Wireshark-dev: Re: [Wireshark-dev] Unit tests for dissectors
From: Peter Wu <peter@xxxxxxxxxxxxx>
Date: Wed, 19 Dec 2018 22:32:50 +0100
Hi Atli,

On Mon, Dec 17, 2018 at 11:30:28PM +0000, Atli Guðmundsson wrote:
> I've recently created reviews for:
> 
>    - an update of the ASTERIX dissector to support Category 019
>    - unit tests of the Category 019 support
>    - generic unit test dissection validator (used by the above unit tests)
> 
> I will soon add support for Category 020 and would like to know if I'm on
> the right track with the unit tests approach so that I can add on top of
> this or if I should go another way?
> 
> This is because during my development I could only find a small set of unit
> tests for existing dissectors, but no extensive ones.
> I was thus also wondering if there was a particular reason for this?

The current test suite has some tests for core functionality (TCP
reassembly, decryption, display filters, etc.). Dissectors are not
thoroughly tested due to the sheer number of possible cases. Attaching
an unsanitized capture file for every possible dissector and subcases
would significantly increase the repository size and test suite runtime.
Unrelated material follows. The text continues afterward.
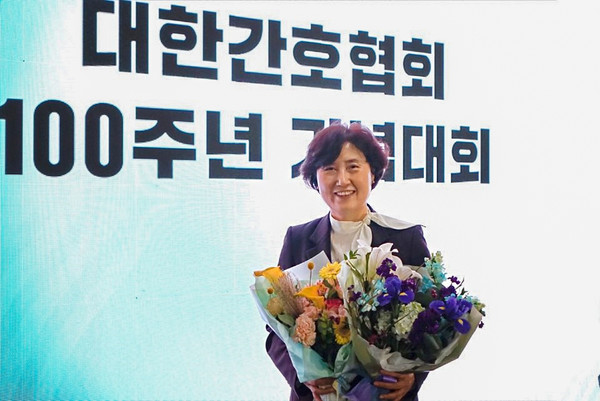 [이대목동병원] 현석경 간호부원장, 보건복지부장관 표창 수상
If you have a capture file for validation purposes, consider opening a
bug report and attaching the capture file to that (one by one, no zip
file please). Then reference it in the commit message. See
https://wiki.wireshark.org/Development/SubmittingPatches#Writing_a_Good_Commit_Message

To find earlier capture files or tests for a dissector, you could also
consult the git logs for a file, e.g.:

    git log --stat epan/dissectors/packet-asterix.c

Search for "Bug" to find references. Some captures might also exist on
the wiki, in particular https://wiki.wireshark.org/SampleCaptures

If you do create a new test, I usually try to follow these principles:
- Try to minimize the capture file size. For example, use pcap instead of
  pcapng, apply a display filter to extract interesting cases or discard
  unimportant ones (e.g. "tcp.len > 0").
- If necessary, use tools like Scapy to craft packets or simulate
  traffic in a controlled environment.
- Try to combine cases. Executing tshark is expensive, batching multiple
  cases into one will result in faster test completion and make other
  developers happy. I see you are already trying this in one of the
  proposed patches :)
- Skip tests for "simple" dissections. For example, checking every
  header of a HTTP message is probably overkill if the dissection
  routines are similar. Testing one header could already be sufficient.
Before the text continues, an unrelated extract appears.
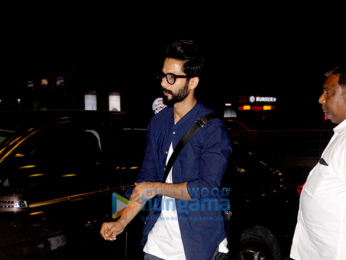 Shahid Kapoor snapped on his way to Delhi to attend the India Today Conclave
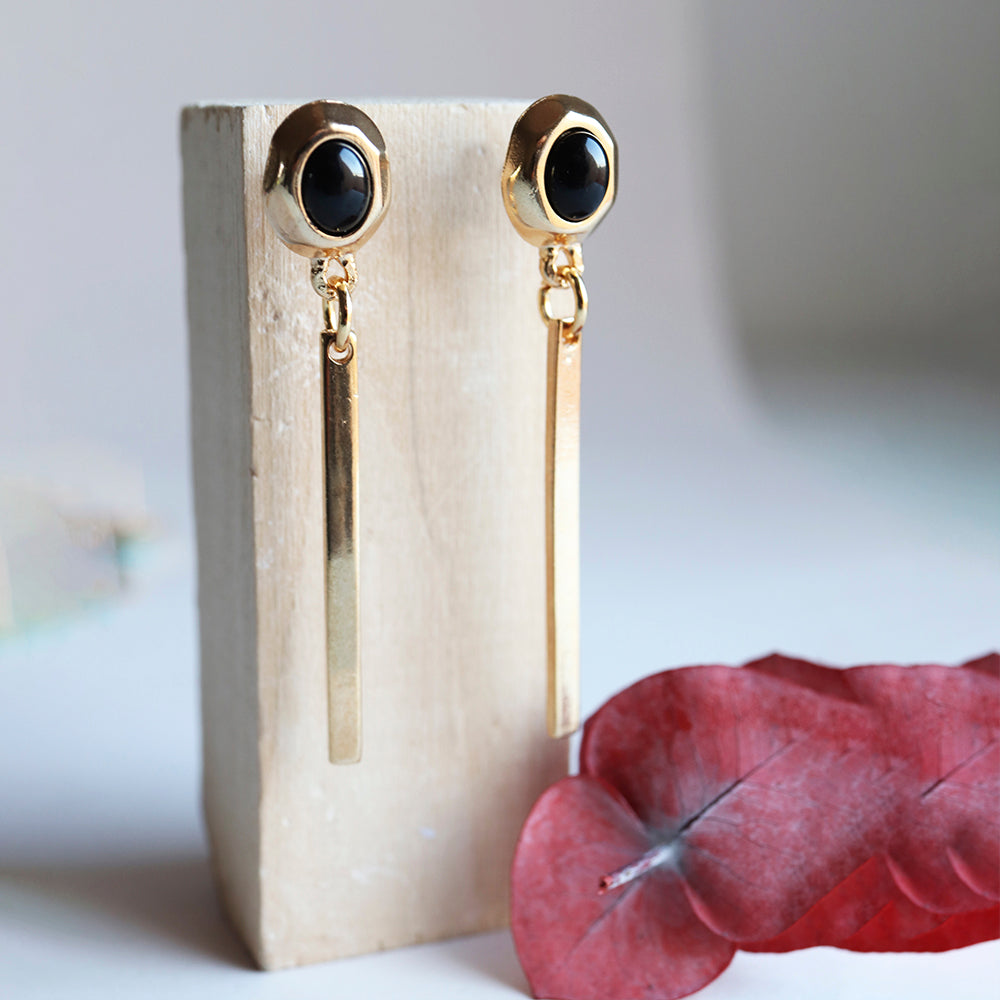 Pendientes dorados con piedra natural FINE ovalados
While we're discussing tests, let me provide some history. Before
Wireshark 2.9.x, the test suite was written in Bash. This was ran fully
sequentially, was not portable to Windows and had rather crude checks
(grep for some output). In this development cycle, these tests were
ported to Python unittest which greatly increased the expressiveness of
tests. It is still heavily reminiscent of Bash though (see the various
self.grepOutput calls).

Since it is Python-based, adding compatibility for pytest was a next
step to speed up tests (pytest -nauto for full test-level parallelism!)
and improve modularity (fixtures!). At the moment pytest is not
mandatory though, so a minimal compatibility shim exists
(test/fixtures.py).

As for dissector tests, there are currently some different approaches:
- Check the output of "tshark -Tfields". Use assertsIn, assertEquals as
  needed.
- Check the output of "tshark -Tjson". Use the json module (possibly
  with matchers.py) to match a subset. See the sharkd suite for example.
- Use display filters and count the number of matching lines.
- Have a Lua dissector that performs the checks. (I am mentioning it for
  completeness, this is probably not useful for your changes).

None of these are exhaustive due to earlier mentioned constraints
(speed, repository size). Another experimental external test framework
was proposed before, but that has not gained much traction so far:
https://github.com/wireshark/happy-shark
-- 
Kind regards,
Peter Wu
https://lekensteyn.nl